# Task objective
Please print the line that holds "302 E Dynasty Dr, Cary, NC 27513" and each line after it to the end of the data, word for word, without any pictures.

# Recorded data
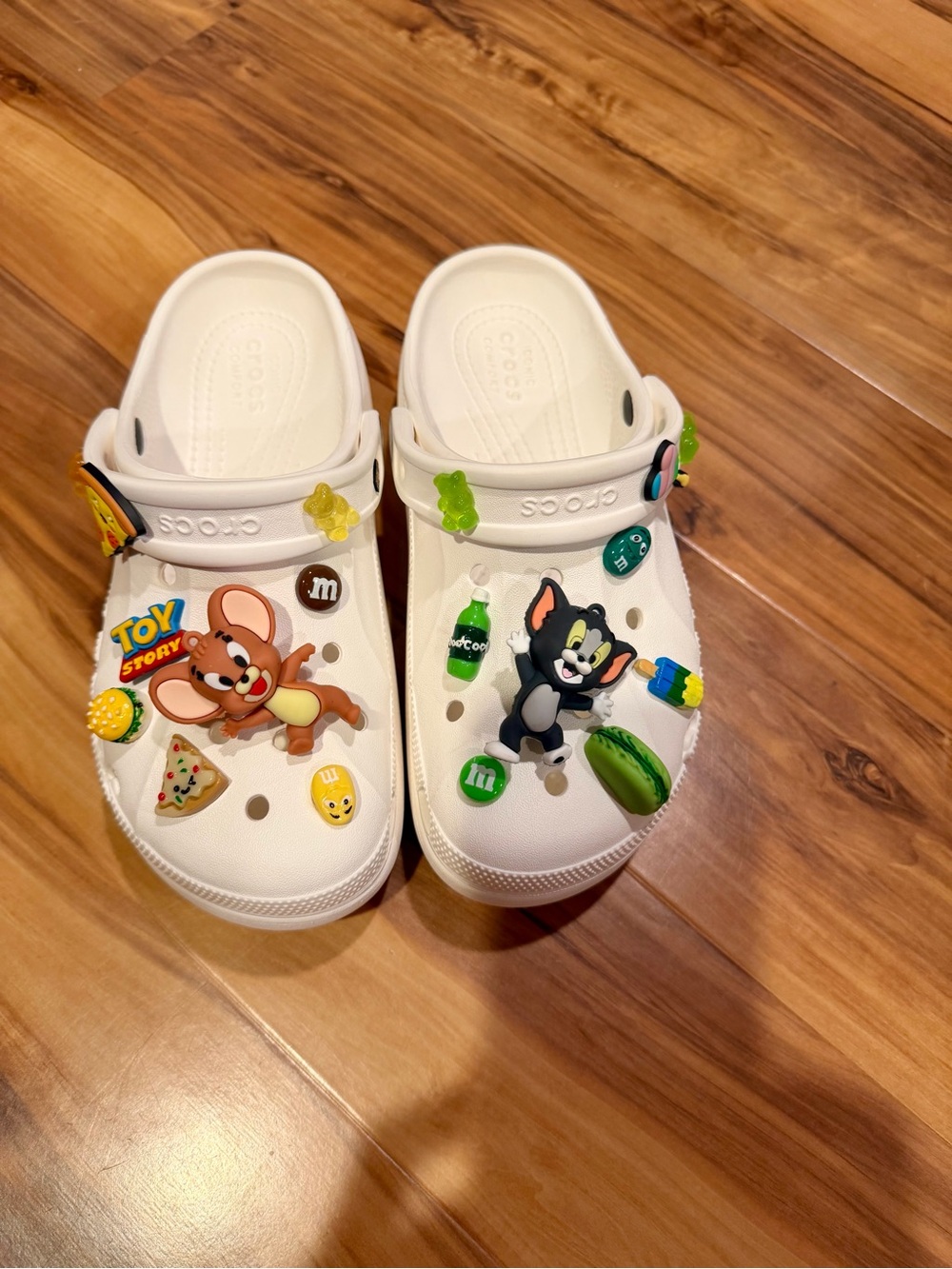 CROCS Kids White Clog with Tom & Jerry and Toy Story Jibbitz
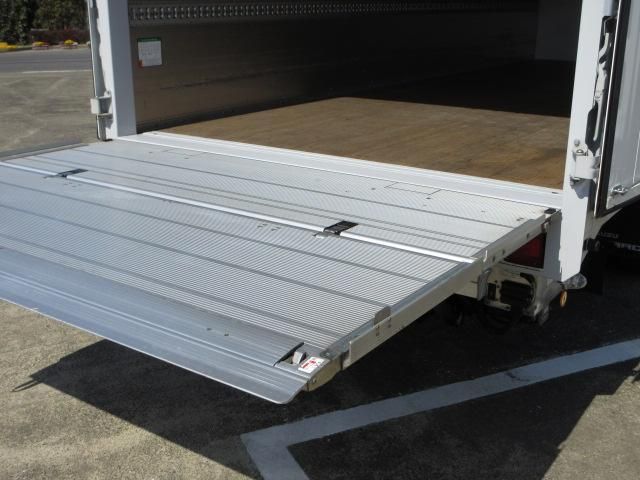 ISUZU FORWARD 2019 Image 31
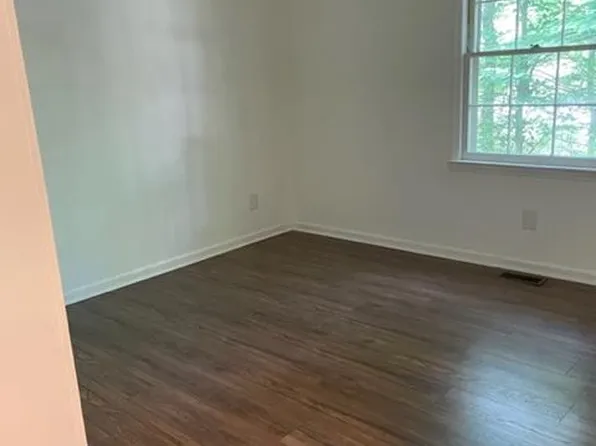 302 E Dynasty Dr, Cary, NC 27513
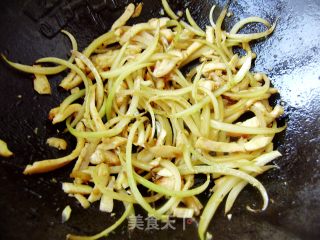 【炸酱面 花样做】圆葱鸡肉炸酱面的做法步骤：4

# Exercise result
 302 E Dynasty Dr, Cary, NC 27513
 【炸酱面 花样做】圆葱鸡肉炸酱面的做法步骤：4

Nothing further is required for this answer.